Olivier Blanchard a été le chef économiste du FMI entre 2008 et 2015.

Olivier Blanchard a été le chef économiste du FMI entre 2008 et 2015. - Eric PIERMONT

"L'objectif est d'amener les États-Unis à revenir à une position raisonnable", estime l'économiste Olivier Blanchard, en appelant l'UE à riposter de manière "intelligente" après l'annonce par Donald Trump de droits de douane de 30%.

L'Union européenne ne devrait pas se laisser faire selon Olivier Blanchard, l'ancien économiste en chef du Fonds monétaire international (FMI), alors que Donald Trump a averti samedi 12 juillet qu'il comptait imposer des droits de douane de 30% sur les importations du bloc à partir du 1er août (contre 2,5% en moyenne avant son retour au pouvoir).

"Des représailles intelligentes sont essentielles, même si elles conduisent à des situations économiques et géopolitiques dangereuses à court terme", a réagi sur X Olivier Blanchard, l'une des macroéconomistes les plus réputés.

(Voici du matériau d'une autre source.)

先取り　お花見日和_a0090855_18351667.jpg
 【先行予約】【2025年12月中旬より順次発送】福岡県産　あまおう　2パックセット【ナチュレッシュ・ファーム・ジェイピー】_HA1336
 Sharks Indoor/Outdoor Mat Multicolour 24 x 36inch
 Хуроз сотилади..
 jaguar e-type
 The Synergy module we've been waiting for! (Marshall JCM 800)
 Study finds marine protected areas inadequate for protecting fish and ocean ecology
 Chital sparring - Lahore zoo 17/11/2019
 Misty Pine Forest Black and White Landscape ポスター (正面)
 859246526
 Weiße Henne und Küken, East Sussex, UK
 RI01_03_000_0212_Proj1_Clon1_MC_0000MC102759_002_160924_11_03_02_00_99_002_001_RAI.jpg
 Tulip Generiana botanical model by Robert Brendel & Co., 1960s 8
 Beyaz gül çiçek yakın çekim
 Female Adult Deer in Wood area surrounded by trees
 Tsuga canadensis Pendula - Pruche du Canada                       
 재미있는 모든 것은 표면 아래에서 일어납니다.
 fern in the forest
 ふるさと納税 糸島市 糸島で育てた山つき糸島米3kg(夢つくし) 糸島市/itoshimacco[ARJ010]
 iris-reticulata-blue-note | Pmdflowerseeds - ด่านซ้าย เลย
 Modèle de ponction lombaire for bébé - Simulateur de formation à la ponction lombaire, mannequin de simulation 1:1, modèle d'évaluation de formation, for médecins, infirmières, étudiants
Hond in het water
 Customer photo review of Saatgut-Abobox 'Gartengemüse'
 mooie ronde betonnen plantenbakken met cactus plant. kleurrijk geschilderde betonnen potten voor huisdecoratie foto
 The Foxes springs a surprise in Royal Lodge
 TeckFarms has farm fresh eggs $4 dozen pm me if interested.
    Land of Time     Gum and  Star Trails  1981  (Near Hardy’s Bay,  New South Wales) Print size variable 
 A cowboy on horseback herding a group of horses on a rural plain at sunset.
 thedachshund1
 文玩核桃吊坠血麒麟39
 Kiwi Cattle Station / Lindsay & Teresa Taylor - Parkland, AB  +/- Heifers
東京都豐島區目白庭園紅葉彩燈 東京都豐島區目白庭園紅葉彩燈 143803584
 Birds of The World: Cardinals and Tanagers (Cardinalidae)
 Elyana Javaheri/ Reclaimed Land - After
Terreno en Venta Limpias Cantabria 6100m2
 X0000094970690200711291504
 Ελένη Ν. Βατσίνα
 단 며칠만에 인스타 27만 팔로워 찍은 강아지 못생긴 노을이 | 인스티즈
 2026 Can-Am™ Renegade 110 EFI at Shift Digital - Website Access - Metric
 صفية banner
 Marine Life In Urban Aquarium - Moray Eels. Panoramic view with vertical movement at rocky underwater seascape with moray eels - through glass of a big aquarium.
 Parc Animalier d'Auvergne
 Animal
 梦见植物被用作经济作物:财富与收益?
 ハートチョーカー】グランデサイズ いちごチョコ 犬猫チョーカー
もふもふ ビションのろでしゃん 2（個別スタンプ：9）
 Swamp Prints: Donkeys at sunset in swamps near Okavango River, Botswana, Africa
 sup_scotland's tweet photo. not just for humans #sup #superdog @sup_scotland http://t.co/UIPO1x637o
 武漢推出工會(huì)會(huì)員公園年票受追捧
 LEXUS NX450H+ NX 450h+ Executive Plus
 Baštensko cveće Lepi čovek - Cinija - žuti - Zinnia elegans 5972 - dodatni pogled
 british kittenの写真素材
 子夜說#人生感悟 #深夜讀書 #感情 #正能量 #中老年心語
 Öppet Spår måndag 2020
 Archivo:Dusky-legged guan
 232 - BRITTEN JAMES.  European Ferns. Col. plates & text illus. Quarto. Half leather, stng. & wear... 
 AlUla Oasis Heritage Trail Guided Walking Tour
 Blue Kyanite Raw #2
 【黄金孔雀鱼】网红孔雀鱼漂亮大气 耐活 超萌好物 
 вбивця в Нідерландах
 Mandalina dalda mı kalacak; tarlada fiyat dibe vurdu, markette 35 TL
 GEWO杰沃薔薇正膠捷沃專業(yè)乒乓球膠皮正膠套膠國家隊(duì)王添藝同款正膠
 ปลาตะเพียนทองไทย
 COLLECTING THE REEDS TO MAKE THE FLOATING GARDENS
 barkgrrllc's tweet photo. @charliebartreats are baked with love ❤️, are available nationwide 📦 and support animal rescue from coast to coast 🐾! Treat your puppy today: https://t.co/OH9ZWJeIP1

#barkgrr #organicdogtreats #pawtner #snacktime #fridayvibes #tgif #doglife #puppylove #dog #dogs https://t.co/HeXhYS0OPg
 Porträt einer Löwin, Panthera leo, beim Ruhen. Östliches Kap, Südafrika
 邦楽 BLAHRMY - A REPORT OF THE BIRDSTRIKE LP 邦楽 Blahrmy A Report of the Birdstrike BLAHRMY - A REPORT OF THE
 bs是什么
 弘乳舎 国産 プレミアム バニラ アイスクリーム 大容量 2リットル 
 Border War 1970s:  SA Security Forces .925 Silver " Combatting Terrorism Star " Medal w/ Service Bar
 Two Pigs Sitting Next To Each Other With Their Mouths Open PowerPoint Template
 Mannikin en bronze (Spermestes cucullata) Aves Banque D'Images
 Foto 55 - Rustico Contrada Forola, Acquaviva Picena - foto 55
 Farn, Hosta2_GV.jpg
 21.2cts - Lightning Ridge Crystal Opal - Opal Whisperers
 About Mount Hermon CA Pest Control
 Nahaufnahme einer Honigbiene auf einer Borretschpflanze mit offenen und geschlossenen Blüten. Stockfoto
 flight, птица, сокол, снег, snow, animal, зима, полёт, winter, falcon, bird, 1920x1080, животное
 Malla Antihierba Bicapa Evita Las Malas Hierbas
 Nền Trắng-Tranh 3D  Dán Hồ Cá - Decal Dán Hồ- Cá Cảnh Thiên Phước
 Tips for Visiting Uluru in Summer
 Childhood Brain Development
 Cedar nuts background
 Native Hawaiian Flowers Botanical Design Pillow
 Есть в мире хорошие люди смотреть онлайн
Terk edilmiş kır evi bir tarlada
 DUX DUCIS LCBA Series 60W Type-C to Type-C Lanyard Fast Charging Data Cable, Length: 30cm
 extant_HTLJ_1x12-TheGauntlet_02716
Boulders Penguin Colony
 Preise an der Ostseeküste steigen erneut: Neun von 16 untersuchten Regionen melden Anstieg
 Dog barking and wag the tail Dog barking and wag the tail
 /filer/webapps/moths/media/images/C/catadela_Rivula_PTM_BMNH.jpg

"L'objectif (de la riposte, ndlr) n'est pas d'aboutir à des droits de douane élevés des deux côtés, mais d'amener les États-Unis à revenir à une position raisonnable", a poursuivi l'économiste, considérant "qu'être gentil, renoncer à la taxe numérique, n'a rien apporté à l'Europe".

Le Canada s'est également vu imposer en fin de semaine des tarifs douaniers très élevés (35%), y compris après avoir renoncé à instaurer une taxe sur les services numériques qui fâchait la Maison Blanche.

Olivier Blanchard suggère donc que l'UE associe à sa réponse d'autres pays concernés comme le "Japon, le Canada, le Brésil et quiconque souhaite y participer" pour gagner en efficacité.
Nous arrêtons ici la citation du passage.